Alexandrine Hotel Co. v. Whaling

20 N.W.2d 793, 313 Mich. 15, 1945 Mich. LEXIS 261
CourtMichigan Supreme Court
DecidedDecember 3, 1945
DocketDocket No. 4, Calendar No. 42,641.
StatusPublished
Cited by2 cases

This text of 20 N.W.2d 793 (Alexandrine Hotel Co. v. Whaling) is published on Counsel Stack Legal Research, covering Michigan Supreme Court primary law. Counsel Stack provides free access to over 12 million legal documents including statutes, case law, regulations, and constitutions.

Bluebook
Alexandrine Hotel Co. v. Whaling, 20 N.W.2d 793, 313 Mich. 15, 1945 Mich. LEXIS 261 (Mich. 1945).

Opinion

Reid, J.

Plaintiffs’ bill of complaint prays for an accounting between plaintiffs and defendants Whaling and Goodspeed, hereinafter referred to as the defendants; further, that defendant Uridge be decreed to have no right or title to the real estate of plaintiff Alexandrine Hotel Company under a sheriff’s deed, and for other relief.

Plaintiffs further seek the appointment of a receiver for plaintiff hotel company, and a determination of the rights of defendants in regard to certain bonds and stock of the plaintiff hotel company.
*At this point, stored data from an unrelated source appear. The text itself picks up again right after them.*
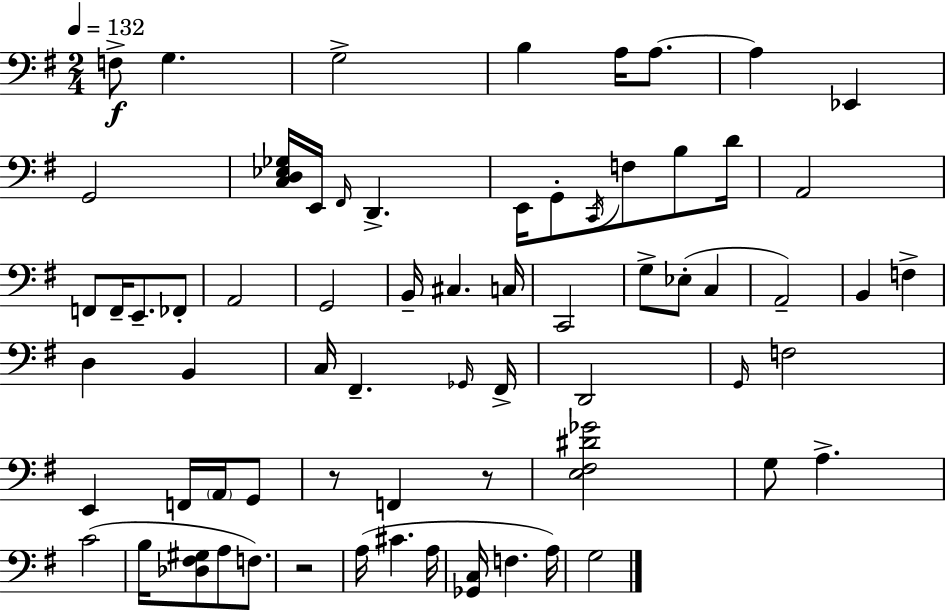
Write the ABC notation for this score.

X:1
T:Untitled
M:2/4
L:1/4
K:G
F,/2 G, G,2 B, A,/4 A,/2 A, _E,, G,,2 [C,D,_E,_G,]/4 E,,/4 ^F,,/4 D,, E,,/4 G,,/2 C,,/4 F,/2 B,/2 D/4 A,,2 F,,/2 F,,/4 E,,/2 _F,,/2 A,,2 G,,2 B,,/4 ^C, C,/4 C,,2 G,/2 _E,/2 C, A,,2 B,, F, D, B,, C,/4 ^F,, _G,,/4 ^F,,/4 D,,2 G,,/4 F,2 E,, F,,/4 A,,/4 G,,/2 z/2 F,, z/2 [E,^F,^D_G]2 G,/2 A, C2 B,/4 [_D,^F,^G,]/2 A,/2 F,/2 z2 A,/4 ^C A,/4 [_G,,C,]/4 F, A,/4 G,2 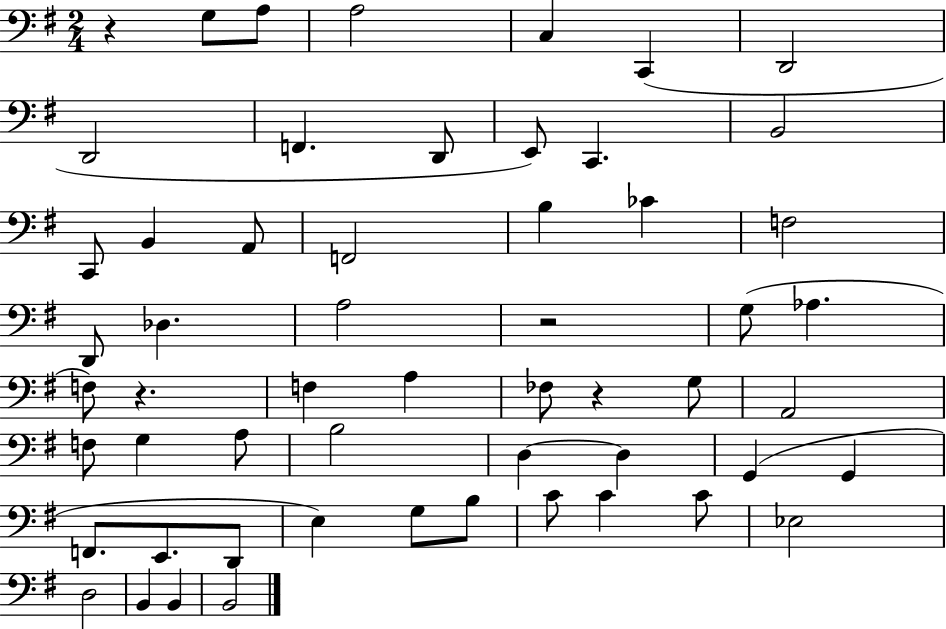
R/q G3/e A3/e A3/h C3/q C2/q D2/h D2/h F2/q. D2/e E2/e C2/q. B2/h C2/e B2/q A2/e F2/h B3/q CES4/q F3/h D2/e Db3/q. A3/h R/h G3/e Ab3/q. F3/e R/q. F3/q A3/q FES3/e R/q G3/e A2/h F3/e G3/q A3/e B3/h D3/q D3/q G2/q G2/q F2/e. E2/e. D2/e E3/q G3/e B3/e C4/e C4/q C4/e Eb3/h D3/h B2/q B2/q B2/h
Prominent place in the briefs filed is given to the rights of defendants, while managing the business of plaintiff company, to buy its bonds and hold them at face value, especially in view of the distressed situation of the company. Also prominent in the briefs is the discussion of commissions'retained by defendants for compensation for management of the hotel.

Defendants claim that their purchase of stock was not forbidden to them as managers of the company’s business; that they commenced purchasing bonds at a time when it appeared that bondholders might take some action prejudicial to the company’s interest; and that defendants’ ownership of a considerable amount of bonds resulted in the subsequent “reorganization” being more advantageous to the company than it would otherwise have been. Defendants further claim that the corporations underwriting the bond issue agreed that the plaintiff corporation might retain 3 per cent, of the total gross income as compensation for management, and *18 defendants claim that it was proper for them, as actual managers, to retain the 3 per cent., and that $1,800 is due them on that account.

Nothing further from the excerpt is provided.